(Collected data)
---

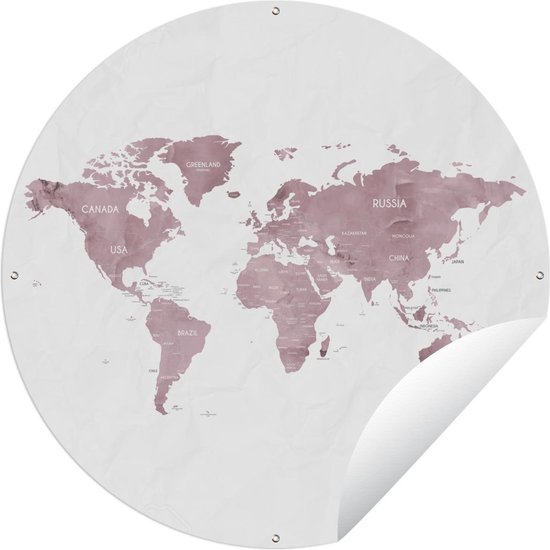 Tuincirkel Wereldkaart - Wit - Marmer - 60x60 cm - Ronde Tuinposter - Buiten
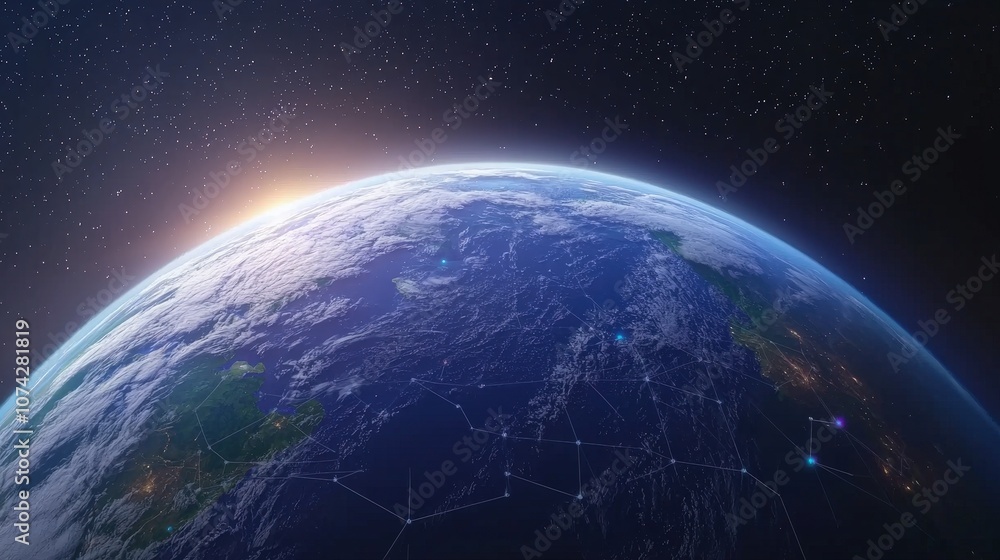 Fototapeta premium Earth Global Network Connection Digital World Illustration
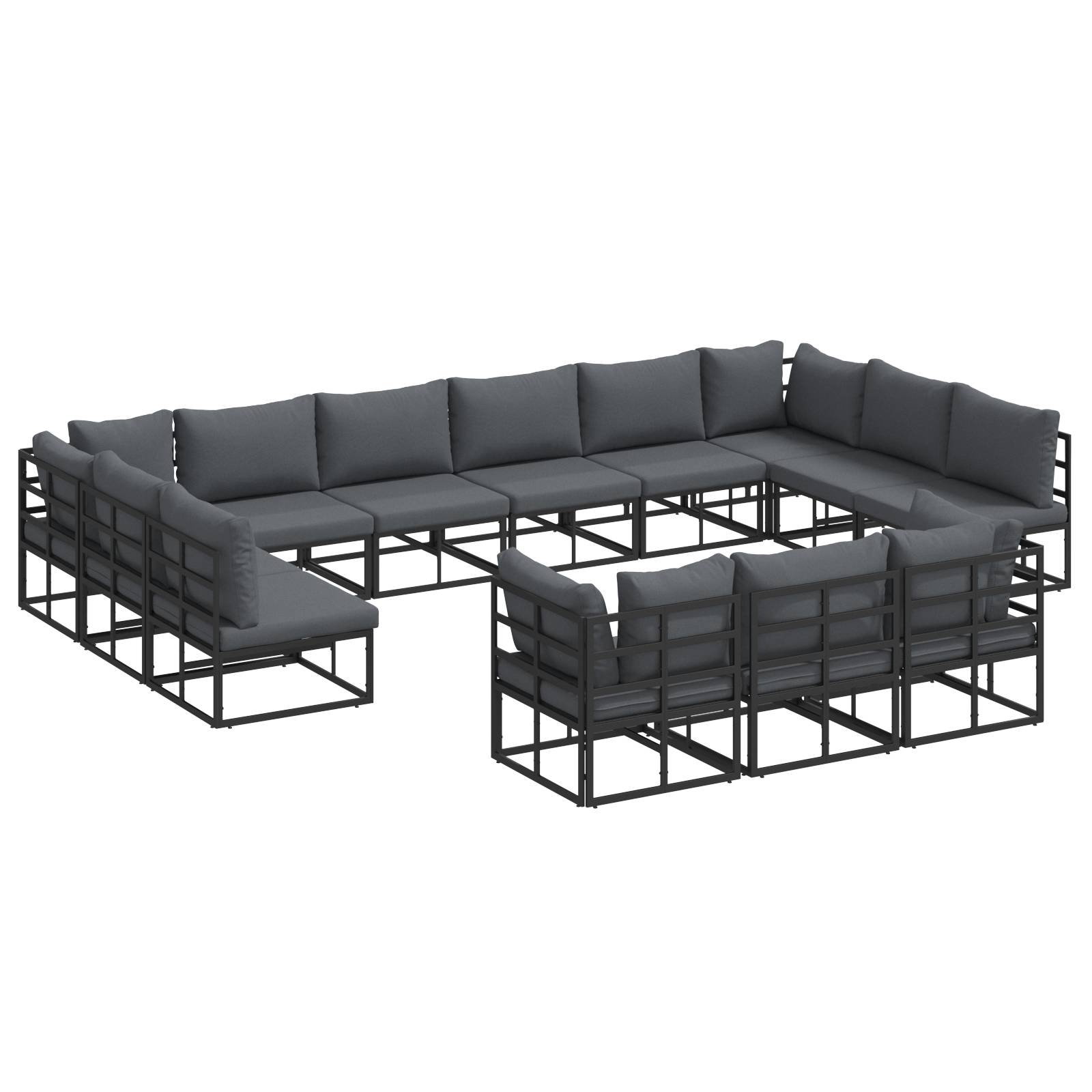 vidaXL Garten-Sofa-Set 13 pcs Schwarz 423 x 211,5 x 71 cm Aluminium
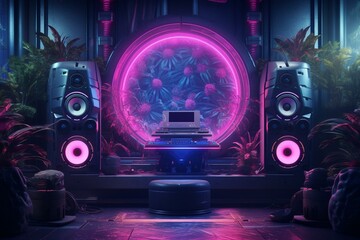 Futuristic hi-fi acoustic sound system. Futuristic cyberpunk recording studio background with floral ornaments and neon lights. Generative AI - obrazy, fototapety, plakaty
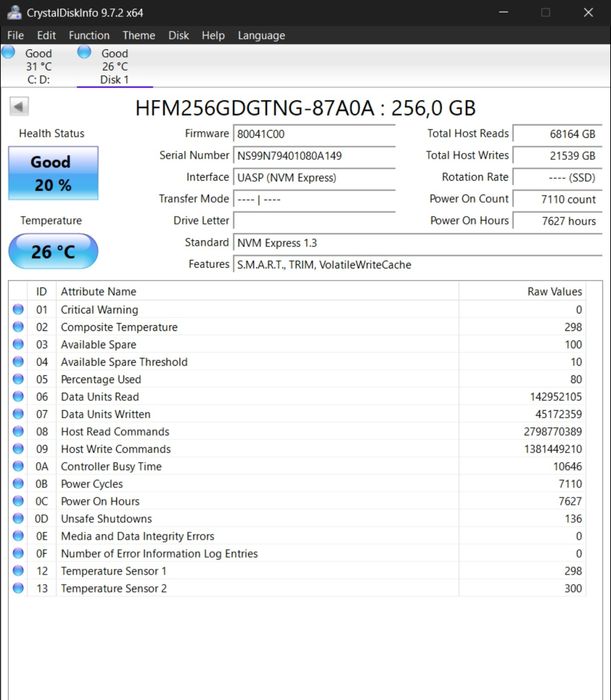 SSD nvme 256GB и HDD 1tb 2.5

---

The lines wanted are those from the one with "vidaXL Garten-Sofa-Set 13" to the end of the entries above, repeated exactly, both ends included. Leave out the pictures.

 vidaXL Garten-Sofa-Set 13 pcs Schwarz 423 x 211,5 x 71 cm Aluminium
 Futuristic hi-fi acoustic sound system. Futuristic cyberpunk recording studio background with floral ornaments and neon lights. Generative AI - obrazy, fototapety, plakaty
 SSD nvme 256GB и HDD 1tb 2.5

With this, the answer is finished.